3.2. Angiogenesis in Neoplasms

The process of pathological angiogenesis plays a crucial role in neoplasm formation and has been the focus of numerous scientific studies. Researchers primarily investigate the factors that contribute to its activation, as well as the development of targeted anti-angiogenic therapies. Judah Folkman was a leading researcher in neoplastic angiogenesis, and in 1971, he proposed the concept that angiogenesis is essential for the growth of tumours beyond the in situ (pre-invasive) stage. In the initial phase, an un-vascularised tumour has a volume of approximately 1–3 mm3 and comprises approximately 106 cells nourished by diffusion from the vessels surrounding the neoplastic structure [4]. Most tumours in the pre-vascular phase can survive for months or even years. The formation of new blood vessels is a key process for several important functions within tumours. This refers to the elimination of metabolic products and the supply of oxygen and nutrients to sustain the tumour cells and facilitate the formation of neoplastic metastases [4,7]. The confirmation of this hypothesis has become the basis for comprehensive research into angiogenesis, pro-angiogenic factors and the determination of their influence on the formation of vessels [6,11].
The invasive growth of a neoplasm is associated with the secretion, by the tumour cells, of angiogenic factors that stimulate endothelial cells to proliferate and spatially organise into new capillaries. The blood vessels improve the oxygen supply to the tumour cells and facilitate the supply of nutrients necessary for their proliferation [12]. In neoplastic angiogenesis, a very important role is played by the so-called angiogenic switch, a phenomenon involving the interaction between the neoplastic cells and the endothelial cells and cellular matrix [6,7,13]. It conditions the transition of the neoplasm from the avascular phase to the vascularised phase [5,8]. This process is possible thanks to the disproportion of the expression of factors inhibiting and stimulating angiogenesis in favour of pro-angiogenic factors [14]. This marks a turning point for neoplastic transformation, resulting in the development of a network of blood vessels that penetrate the tumour. The nourished cells then begin to proliferate intensively. In the neoplasm, the pro-angiogenic factors, such as VEGF (vascular endothelial growth factor), FGF (fibroblast growth factor), PDGF (platelet-derived growth factor), TGFβ (transforming growth factor β) and TNF (tumour necrosis factor), secreted by endothelial cells and neoplastic cells, begin to predominate [15]. In the angiogenic shift, a very important role is also played by metalloproteinases (matrix metalloproteinases, MMPs), which cause the degradation of the extracellular matrix (ECM) surrounding the vessels and the basement membrane, on which the endothelial cells are located [16]. This enables endothelial cell migration and causes the release of pro-angiogenic cytokines associated with ECM [17]. The migration of endothelial cells is also possible thanks to the expression, on their surface, of adhesive molecules (integrins αv β3, αv β5, selectins E), which interact with ECM components [18].
Other angiogenesis-inducing factors include hypoxia and the increased production of nitric oxide by vascular endothelial cells [15]. A common characteristic of the tumour microenvironment is hypoxia.
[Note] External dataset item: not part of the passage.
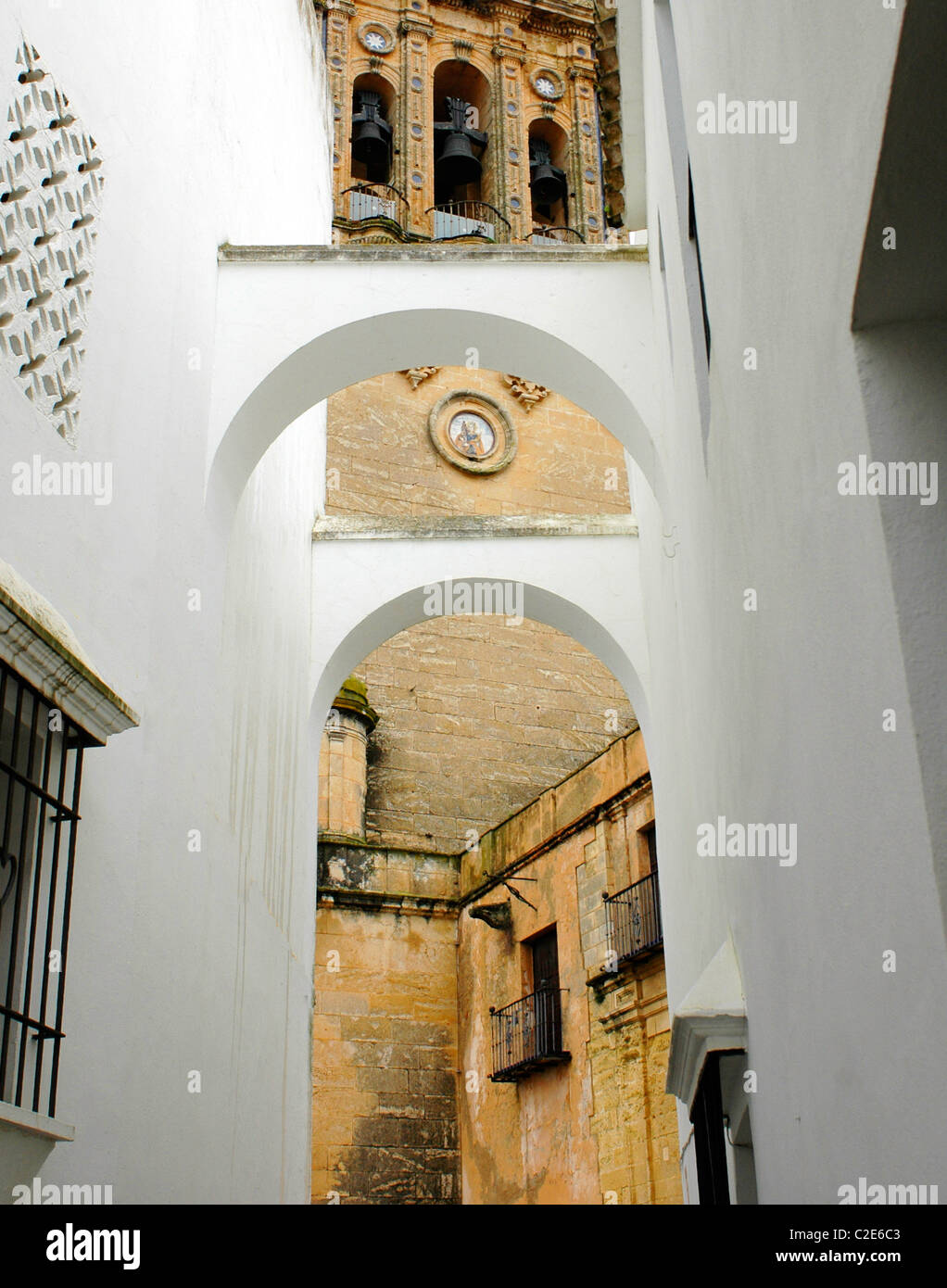 Chiesa di Santa Maria, Arcos de la Frontera. Pueblos Blancos ("città bianca"), la provincia di Cadiz Cadice, Andalusia, Spagna Foto Stock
It is also the most important factor that induces the malignant transformation of neoplastic cells [15,19]. Hypoxia causes a series of changes, including metabolic changes, immune escape and the stimulation of angiogenesis in the tumour [20]. Hypoxia of neoplastic cells leads to the activation of transcription factors, such as HIF-1α and NF-κβ. The hypoxia-inducible factor (HIF-1α) acts on both the endothelial cells and the cells that produce it, including neoplastic cells [6,16,21]. It activates the genes encoding proteins of pro-angiogenic factors and their receptors, including PDGF-B, FGF, EGF (epidermal growth factor) and the main initiator and stimulator of angiogenesis, namely VEGF/VPF (vascular endothelial growth factor/vascular permeability factor) [12,21].
In addition, hypoxia has a significant impact on neoplastic progression, as it causes genomic instability and the emergence of new genetic variants of neoplastic cells [22]. This enables neoplastic cells to move independently [23]. Moreover, the phenotypic characteristics specific to the stem cells, i.e., the resistance to pro-apoptotic signals and ageing signals (senescence) and the capacity for self-renewal also become apparent [24].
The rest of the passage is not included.